Emery getting too cute again might put the Bears too far behind the Packers in Trestman's first season. A year from now, the Bears can't be wondering where Thursday's first pick fits in the way they still are with McClellin, who had 21/2 sacks compared to, say, Jones' six with the Patriots. Sometimes it's OK to take the gimme.
If Emery wants to raise eyebrows, trade Devin Hester and a distraction-to-be-named-later to any team willing to give up a fifth-round draft pick for a Hall of Fame resume. That will challenge Emery more than finding a player who fits at No. 20.
Consider the Bears signed two stop-gap starting linebackers to one-year deals to play next to Lance Briggs but all three will be on the wrong side of 30 by next fall. So if either Alec Ogletree of Georgia or Manti Te'o of Notre Dame is available, the Bears need to select the linebacker their exhaustive research rated higher. Both project as potential core players.
Don't overthink it by trying to prove how good the Bears scouting is. Keep a traditional team strength — linebacker — a strength. If Emery can trade down and still take Te'o or, if he is gone, LSU linebacker Kevin Minter, do it. As long as the Bears don't ignore the position facing the most transition and need. Cornerback rates a close second.
Surprisingly, defensive concerns outweigh offensive issues when studying 2013 opponents. The Bears addressed offensive line issues via free-agency by investing in left tackle Jermon Bushrod and tight end Martellus Bennett. Now devote the first pick of the draft to an aging defense.
Drafting tight end Tyler Eifert sounds enticing to those who envision Eifert, Bennett and wide receivers Brandon Marshall and Alshon Jeffery surrounding Jay Cutler. It also sounds like a luxury — until somebody complains about not getting the ball enough, that is.
Nobody knows what influence Trestman will wield. The Bears catered to Lovie Smith in 2004 by taking the defensive tackle Smith targeted for his Cover-2, Tommie Harris.
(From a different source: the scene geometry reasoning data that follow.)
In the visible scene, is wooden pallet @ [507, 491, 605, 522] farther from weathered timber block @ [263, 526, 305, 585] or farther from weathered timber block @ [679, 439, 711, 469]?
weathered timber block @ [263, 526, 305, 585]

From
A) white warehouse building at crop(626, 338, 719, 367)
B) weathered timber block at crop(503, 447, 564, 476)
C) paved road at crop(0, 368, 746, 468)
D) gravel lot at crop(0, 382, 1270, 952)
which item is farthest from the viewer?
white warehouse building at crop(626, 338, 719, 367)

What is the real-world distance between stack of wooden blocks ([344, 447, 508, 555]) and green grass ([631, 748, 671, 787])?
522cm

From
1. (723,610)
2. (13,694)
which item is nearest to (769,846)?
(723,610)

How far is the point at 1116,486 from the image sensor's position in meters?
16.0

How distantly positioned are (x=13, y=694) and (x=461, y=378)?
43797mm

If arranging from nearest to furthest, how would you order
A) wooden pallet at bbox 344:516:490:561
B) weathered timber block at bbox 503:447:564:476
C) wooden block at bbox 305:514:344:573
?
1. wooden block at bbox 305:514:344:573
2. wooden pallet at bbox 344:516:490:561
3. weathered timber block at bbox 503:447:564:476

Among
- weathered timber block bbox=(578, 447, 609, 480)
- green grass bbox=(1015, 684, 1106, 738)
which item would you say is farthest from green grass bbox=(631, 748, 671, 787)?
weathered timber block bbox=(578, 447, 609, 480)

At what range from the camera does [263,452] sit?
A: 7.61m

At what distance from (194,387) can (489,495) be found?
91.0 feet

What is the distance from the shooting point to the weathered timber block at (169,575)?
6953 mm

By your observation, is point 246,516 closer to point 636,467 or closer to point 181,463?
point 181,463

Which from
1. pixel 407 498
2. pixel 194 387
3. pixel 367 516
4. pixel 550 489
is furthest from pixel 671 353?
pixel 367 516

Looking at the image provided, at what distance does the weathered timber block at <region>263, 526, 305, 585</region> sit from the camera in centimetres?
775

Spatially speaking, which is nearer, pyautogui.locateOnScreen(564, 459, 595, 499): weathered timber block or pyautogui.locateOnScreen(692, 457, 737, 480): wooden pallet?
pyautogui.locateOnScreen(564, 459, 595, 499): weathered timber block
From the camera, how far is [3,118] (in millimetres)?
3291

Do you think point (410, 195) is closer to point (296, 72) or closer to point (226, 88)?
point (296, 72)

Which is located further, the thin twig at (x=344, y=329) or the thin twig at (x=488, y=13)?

Intriguing speculation surrounds a quarterback to develop behind Cutler but the Bears likely will ignore the position until the middle rounds, perhaps eyeing 6-foot-7 North Carolina State prospect Mike Glennon. Glennon reportedly worked out for the Bears in Raleigh, N.C., where Trestman once lived. Was that a signal or smoke screen?
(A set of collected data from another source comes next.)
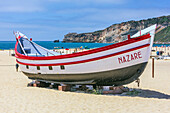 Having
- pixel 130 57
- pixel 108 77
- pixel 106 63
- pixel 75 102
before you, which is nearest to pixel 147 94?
pixel 108 77

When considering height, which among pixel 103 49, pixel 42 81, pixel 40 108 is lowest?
pixel 40 108

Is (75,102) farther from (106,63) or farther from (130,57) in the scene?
(130,57)

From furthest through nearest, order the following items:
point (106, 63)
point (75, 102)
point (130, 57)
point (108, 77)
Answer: point (108, 77) → point (106, 63) → point (130, 57) → point (75, 102)

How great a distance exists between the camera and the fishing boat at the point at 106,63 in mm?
10961

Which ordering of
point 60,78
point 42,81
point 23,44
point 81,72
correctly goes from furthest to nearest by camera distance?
1. point 23,44
2. point 42,81
3. point 60,78
4. point 81,72

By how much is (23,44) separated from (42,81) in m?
5.24

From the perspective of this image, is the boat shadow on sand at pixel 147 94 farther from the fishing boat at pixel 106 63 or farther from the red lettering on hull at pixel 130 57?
the red lettering on hull at pixel 130 57

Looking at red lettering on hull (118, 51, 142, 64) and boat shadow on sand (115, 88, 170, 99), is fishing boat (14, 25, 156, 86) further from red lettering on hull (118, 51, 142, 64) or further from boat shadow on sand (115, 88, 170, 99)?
boat shadow on sand (115, 88, 170, 99)

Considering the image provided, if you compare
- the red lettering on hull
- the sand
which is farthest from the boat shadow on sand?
the red lettering on hull

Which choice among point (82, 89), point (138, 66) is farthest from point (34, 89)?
point (138, 66)

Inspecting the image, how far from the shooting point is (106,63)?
37.0 feet

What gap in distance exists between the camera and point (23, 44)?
1839cm

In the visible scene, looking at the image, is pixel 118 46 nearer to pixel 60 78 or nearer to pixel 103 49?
pixel 103 49

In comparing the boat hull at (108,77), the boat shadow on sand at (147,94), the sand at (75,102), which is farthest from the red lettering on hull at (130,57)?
the boat shadow on sand at (147,94) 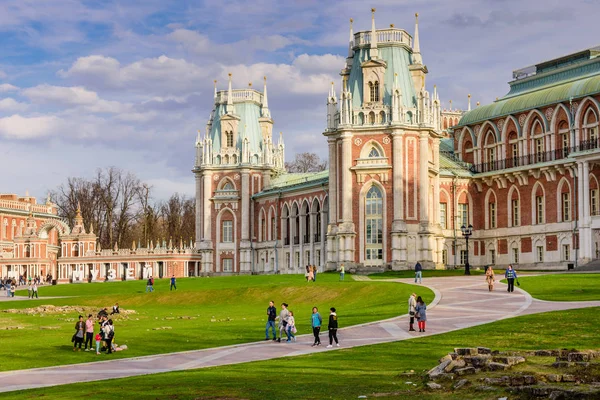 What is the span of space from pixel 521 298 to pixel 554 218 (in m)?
34.4

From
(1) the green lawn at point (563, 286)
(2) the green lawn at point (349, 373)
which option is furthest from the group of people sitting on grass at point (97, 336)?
(1) the green lawn at point (563, 286)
Everybody in town needs more time to understand Trestman, the thinking man's coach who provided a glimpse into his philosophy at a recent coaches convention at Notre Dame. Trestman didn't utter an X or O, according to two audience members. He spoke about transactional versus transformational coaching, about not being in the football business but in the "ultimate'' people business. He quoted author Albert Pine and discussed a book on physics "The Fabric of the Cosmos.'' He sounds like Football Phil Jackson, without the rings.
How will that cerebral approach affect Trestman's first draft collaborating with Emery?
That remains a mystery, which is fine provided Chicago doesn't go to bed Thursday night stunned by a plot twist.